*** Opening Records to process ***
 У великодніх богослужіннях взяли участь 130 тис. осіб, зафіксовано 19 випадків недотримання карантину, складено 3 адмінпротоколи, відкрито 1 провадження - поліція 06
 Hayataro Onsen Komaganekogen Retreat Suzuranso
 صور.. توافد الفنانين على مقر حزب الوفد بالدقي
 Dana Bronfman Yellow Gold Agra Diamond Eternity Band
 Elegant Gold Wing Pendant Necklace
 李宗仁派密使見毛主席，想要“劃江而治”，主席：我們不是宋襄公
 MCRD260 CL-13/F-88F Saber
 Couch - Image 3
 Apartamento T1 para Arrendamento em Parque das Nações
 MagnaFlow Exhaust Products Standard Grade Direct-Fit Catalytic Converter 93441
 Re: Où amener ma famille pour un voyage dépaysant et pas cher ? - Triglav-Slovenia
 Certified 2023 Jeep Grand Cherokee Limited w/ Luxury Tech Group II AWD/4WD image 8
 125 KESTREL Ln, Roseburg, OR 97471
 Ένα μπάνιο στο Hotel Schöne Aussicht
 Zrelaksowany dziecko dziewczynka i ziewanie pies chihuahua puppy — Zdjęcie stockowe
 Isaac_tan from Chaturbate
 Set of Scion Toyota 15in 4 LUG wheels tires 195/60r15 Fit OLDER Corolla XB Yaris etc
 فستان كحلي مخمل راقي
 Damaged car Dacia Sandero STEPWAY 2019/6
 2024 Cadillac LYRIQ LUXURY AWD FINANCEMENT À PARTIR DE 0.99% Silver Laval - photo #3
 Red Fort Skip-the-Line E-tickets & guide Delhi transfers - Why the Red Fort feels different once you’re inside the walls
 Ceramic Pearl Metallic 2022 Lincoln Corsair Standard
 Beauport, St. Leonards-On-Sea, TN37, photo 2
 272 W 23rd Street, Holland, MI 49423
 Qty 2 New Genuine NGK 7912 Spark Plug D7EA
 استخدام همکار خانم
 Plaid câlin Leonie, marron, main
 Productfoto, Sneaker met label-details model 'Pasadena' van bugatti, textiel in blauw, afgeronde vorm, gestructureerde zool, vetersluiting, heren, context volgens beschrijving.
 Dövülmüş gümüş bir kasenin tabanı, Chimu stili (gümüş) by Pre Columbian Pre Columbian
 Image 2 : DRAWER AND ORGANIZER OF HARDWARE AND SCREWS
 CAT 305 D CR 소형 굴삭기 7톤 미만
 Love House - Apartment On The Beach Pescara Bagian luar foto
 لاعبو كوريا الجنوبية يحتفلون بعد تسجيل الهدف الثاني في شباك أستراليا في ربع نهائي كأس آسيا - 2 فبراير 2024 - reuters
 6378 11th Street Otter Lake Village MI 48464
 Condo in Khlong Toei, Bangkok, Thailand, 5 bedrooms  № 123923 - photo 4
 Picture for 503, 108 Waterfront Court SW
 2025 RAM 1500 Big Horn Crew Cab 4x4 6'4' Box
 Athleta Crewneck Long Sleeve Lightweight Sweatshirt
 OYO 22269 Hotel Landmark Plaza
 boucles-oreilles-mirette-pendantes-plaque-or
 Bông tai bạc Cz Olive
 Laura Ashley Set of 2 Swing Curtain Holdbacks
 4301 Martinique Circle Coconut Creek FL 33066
*** Closing Records to process ***
Count the lines above that contain the word "Standard". Write only the number.

## Output:
2